From Acts 2, American Standard Version:
And when the day of Pentecost was now come, they were all together in one place.
2 And suddenly there came from heaven a sound as of the rushing of a mighty wind, and it filled all the house where they were sitting.
3 And there appeared unto them tongues parting asunder, like as of fire; and it sat upon each one of them.
4 And they were all filled with the Holy Spirit, and began to speak with other tongues, as the Spirit gave them utterance.
5 Now there were dwelling at Jerusalem Jews, devout men, from every nation under heaven.
6 And when this sound was heard, the multitude came together, and were confounded, because that every man heard them speaking in his own language.
Now, the obvious message here is that the Holy Spirit is capable of acting like a sort of celestial Google Translate; the apostles went out into public and were able to preach to the Jewish pilgrims of many nations, with each of them hearing the speech in their own native tongue.
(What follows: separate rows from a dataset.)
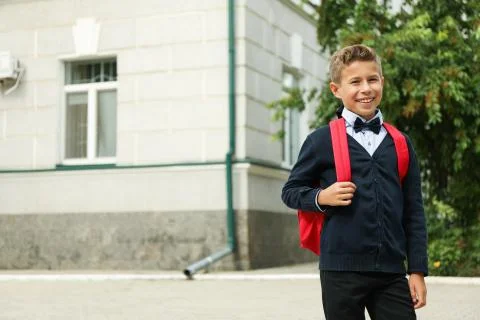 Boy with backpack against school building, space for text Fotos de archivo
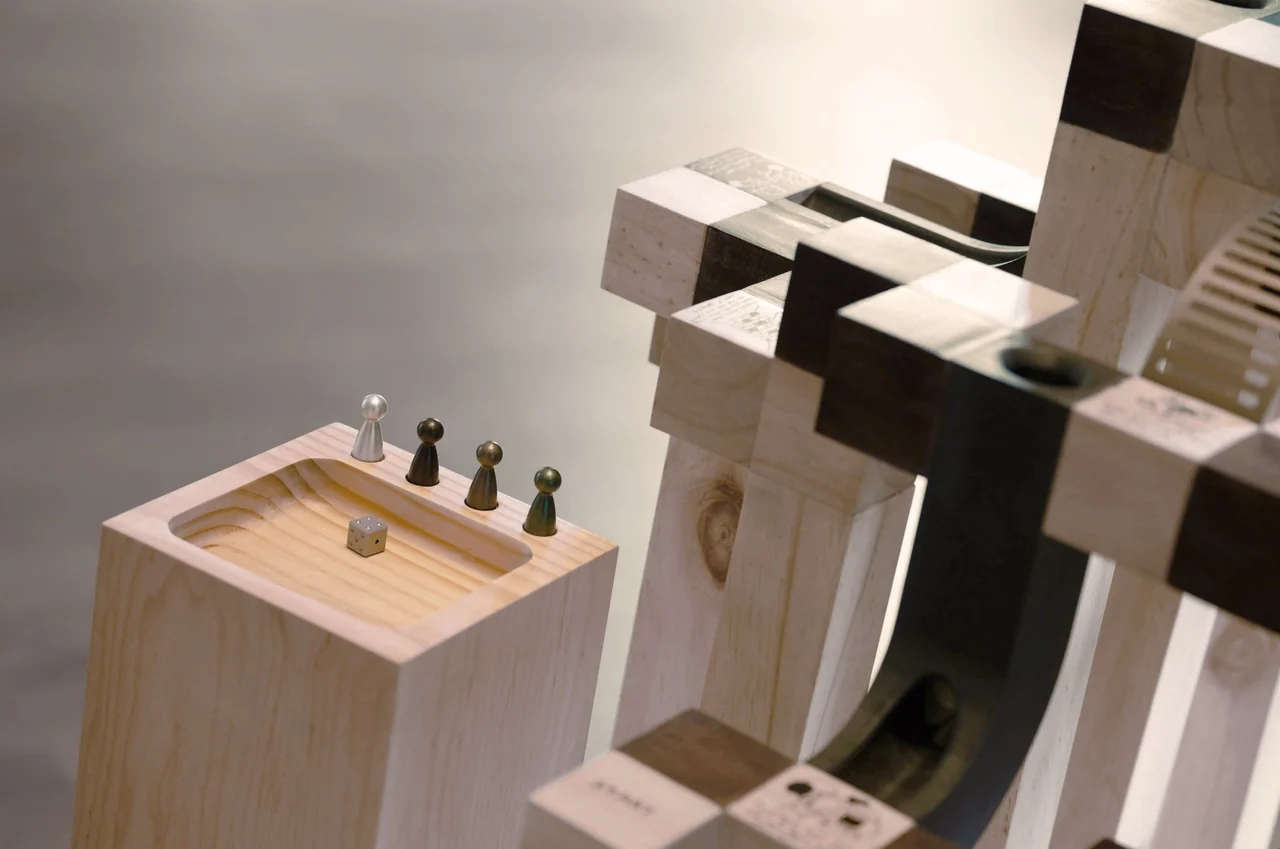 The wooden dice totem and four aluminium playing tokens beside the sculpture.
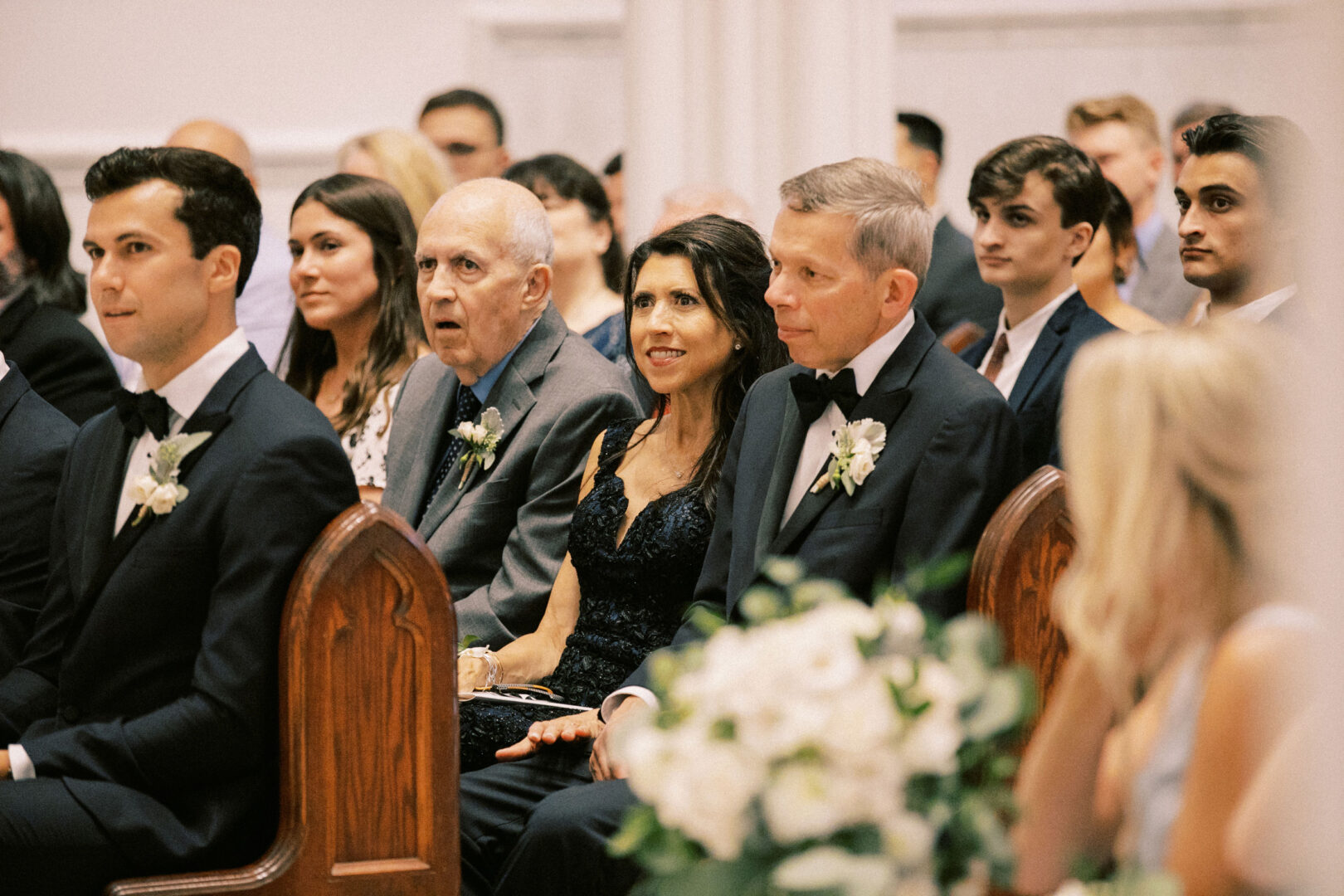 Guests elegantly seated in a church for a Normandy Farm wedding; the atmosphere is filled with sophistication as attendees don suits and dresses, surrounded by exquisite floral arrangements that enhance the charm of this formal event.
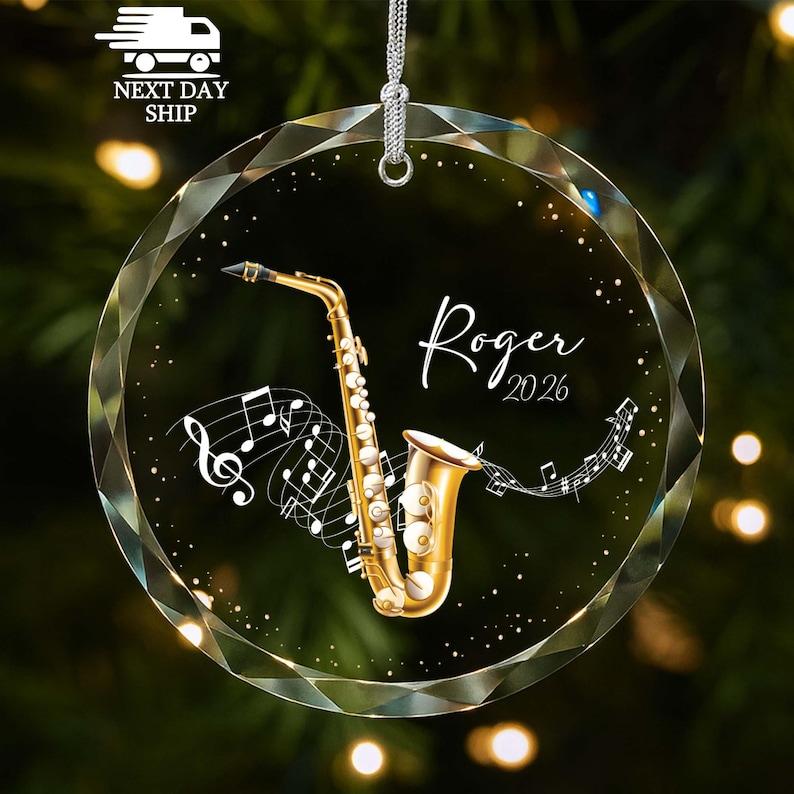 May include: A circular, faceted glass ornament featuring a gold saxophone illustration, white musical notes, and the text "Roger 2026" in a script font. The ornament includes a silver hanging cord attached to the top for display purposes.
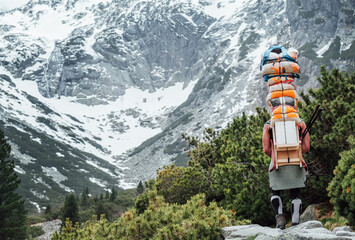 Strong man working as porter carrying huge cargo with traditional method for High Tatry region for altitude Mountain huts cargo provision delivery. Nature, transportation or goods delivery concept.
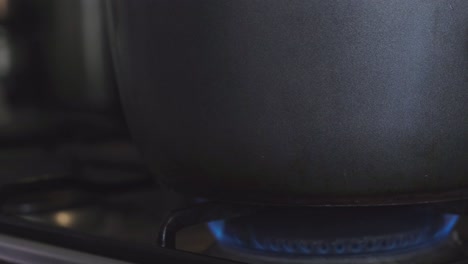 Close-Up-Of-A-Gas-Stove-Burner-Flame-Lit-Up-Upon-Ignition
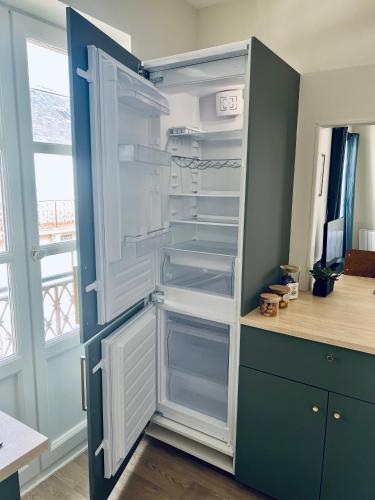 an empty refrigerator with its door open in a kitchen at Studio Remigny, hyper centre ville de Nevers, style "Appart-hôtel" by PRIMO C0NCIERGERIE in Nevers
I don’t think that’s the real moral, though. I’ve been thinking about this all week, and I think that the real miracle is that anyone in Jerusalem was willing to listen to the apostles at all. Think about it; this was a dozen recluses, followers of an obscure cult leader who had been put to death by the state less than two months earlier. But when they went out into public and preached his message, dozens of people from all over the world stopped what they were doing to listen. It’s a metaphor for being willing to listen, with an open mind, and evaluate something on its merits without ignoring a speaker out of hand.
Considering we live in a nation split into two roughly equal camps determined to ignore and belittle one another, it might be a good lesson to keep in mind for this election year.